A commission that oversees judges had said judges should not file “friend of the court” briefs on any case or face charges of being unethical if they do. The seven-member Judicial Qualifications Commission removes judges from the bench when they’re found to have violated ethics rules.

Georgia’s highest court was considering an appeal from Augusta residents over the legality of state courts using private companies to monitor people on probation for minor offenses, like traffic violations. The Council of State Court Judges filed a brief with the Supreme Court in favor of a practice called tolling in which the clock stops ticking down on a person’s sentence whenever fees aren’t paid to the monitoring company.

The judges wanted to tell the Supreme Court that tolling provides a reason for people to pay the fees they owe. But the judges withdrew their brief, and the top court wound up ruling against tolling.

Although the probation case was decided last November, and the General Assembly has already revised the law, the Supreme Court heard oral arguments Monday about the issue of briefs.

Former Chief Justice Norman Fletcher was the lawyer representing the Qualifications Commission. He said having judges filing briefs about cases makes it look like they’ve already made up their mind about things they will be ruling on.

“I think our greatest fear here is how the public looks at it and that it is the appearance of impropriety, and the commission came down on the side of integrity and impartiality,” he said.

But Michael Terry, an attorney for the State Court Judges, said judges in all 50 states and in the federal courts routinely file briefs in cases they have an interest in but are not presiding over.

“These are filed all the time. They’re accepted all the time,” he said, adding that having an association of judges file briefs removes the possible complaints that individual judges may betray bias by filing on their own.

Justice Robert Benham said that it may be useful to the Supreme Court to read briefs from judges sometimes.
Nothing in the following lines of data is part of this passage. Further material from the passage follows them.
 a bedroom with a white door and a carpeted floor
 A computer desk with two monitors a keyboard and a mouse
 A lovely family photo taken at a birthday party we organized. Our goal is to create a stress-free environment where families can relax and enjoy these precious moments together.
He gave the example of the recent creation of accountability courts for addicts, military veterans and the mentally ill where the operations are different than other courts, and how those judges might have unique insights.

Monday’s arguments were unusual because the high court was hearing a debate about an opinion issued from the Qualifications Commission rather than the appeal of a legal case. Decisions about appeals must be handed down in about four months, but the justices have said in the past that the deadline doesn’t apply to its role as supervisor over the legal profession.